Because the dividends on preferred shares are fixed, the prices of preferred shares behave more like the prices of bonds than the prices of common shares. Bond prices are sensitive to changes in interest rates in such a way that when interest rates rise, bond prices fall and vice versa. The same principle applies to preferred shares.
Preferred shares can be classified into cumulative or non-cumulative. Cumulative preferred stocks accumulate unpaid dividends which must be paid out to preferred shareholders before any dividends are paid to common shareholders. For example, if the company promised preferred stock shareholders a 5% dividend on a par value of $100, every year a $5 dividend is due. If in Year 1, the company doesn’t pay it, for whatever reason, in Year 2 it must pay the $5 dividend in arrears plus the current $5 dividend to preferred shareholders before common shareholders see a dime.
In the event that a company is liquidated, the preferred stockholders get preferential treatment because they receive their money before common stockholders. This feature allows the company to raise capital from venture capitalists before it goes public because most venture capital deals are structured as preferred stock.
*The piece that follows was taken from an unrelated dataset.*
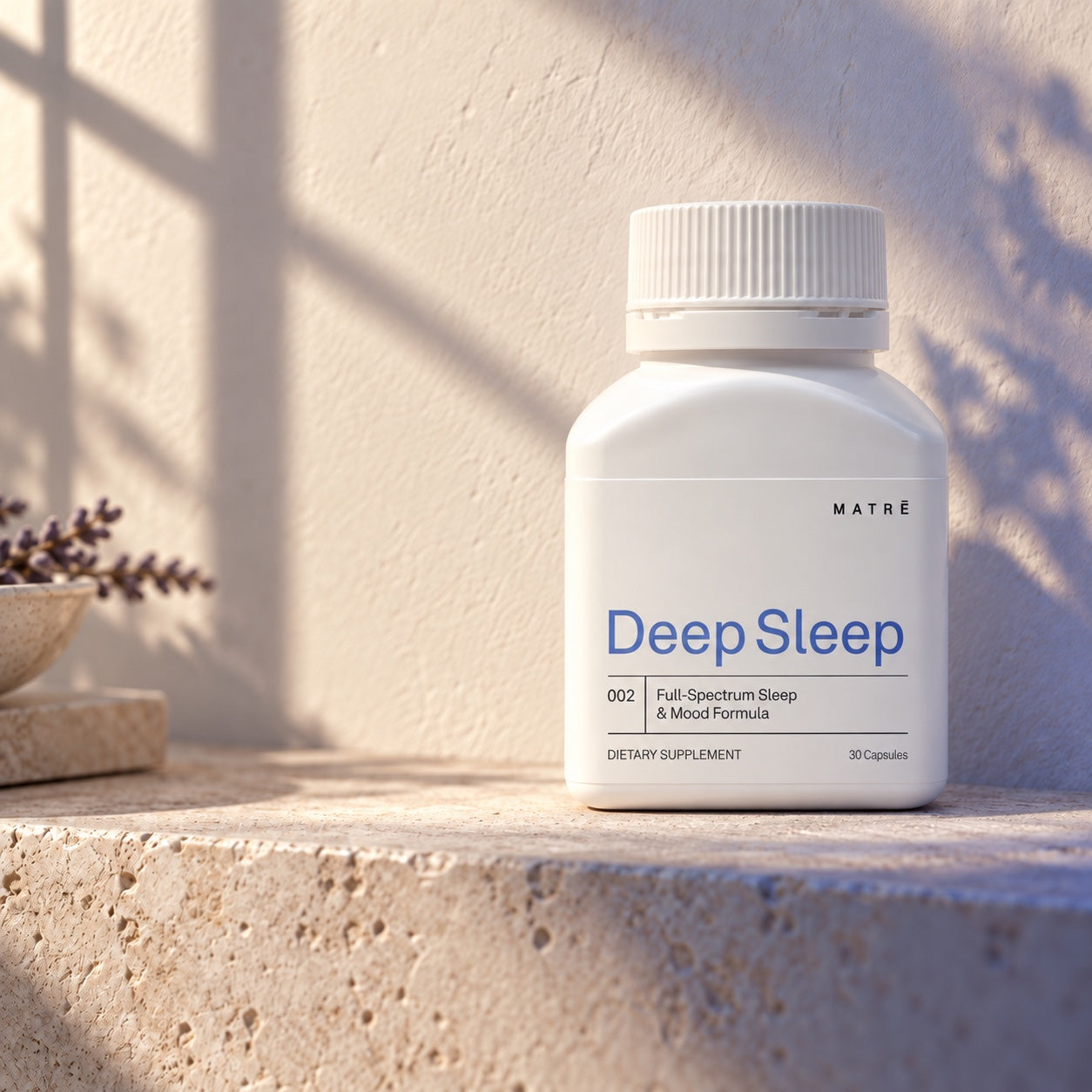 Matrē Deep Sleep, 30 capsules, on pale stone in soft natural light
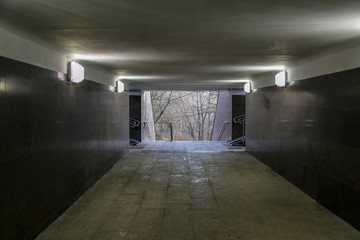 An empty underpass to a city park with light at the end.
Under this kind of arrangement, the founders and employees receive common stock, and venture capitalists receive preferred stock, which provides them with a liquidity preference that serves as a margin of safety. The liquidity preference determines who gets what in the event of insolvency. The liquidity preference could be anything times X. For example, a 2X liquidation preference means that the preferred shareholders receive two times the original investment before the common shareholders receive anything.
Outside of venture capital, issuing preferred stocks is just another way of financing. Sometimes, companies do not want to issue more common stock or are unable to get more debt financing because they might already carry too much debt. In this case, using preferred shares as an alternative way of financing might be beneficial. Preferred shares do not carry any voting rights and at the same time, are more lenient with respect to the payment on the cost of capital because the company can defer paying dividends into the future if it needs to without a penalty. Dividends do not become a liability until they are declared; however, this is not the case with traditional debt where missing a payment would put the company’s future in jeopardy.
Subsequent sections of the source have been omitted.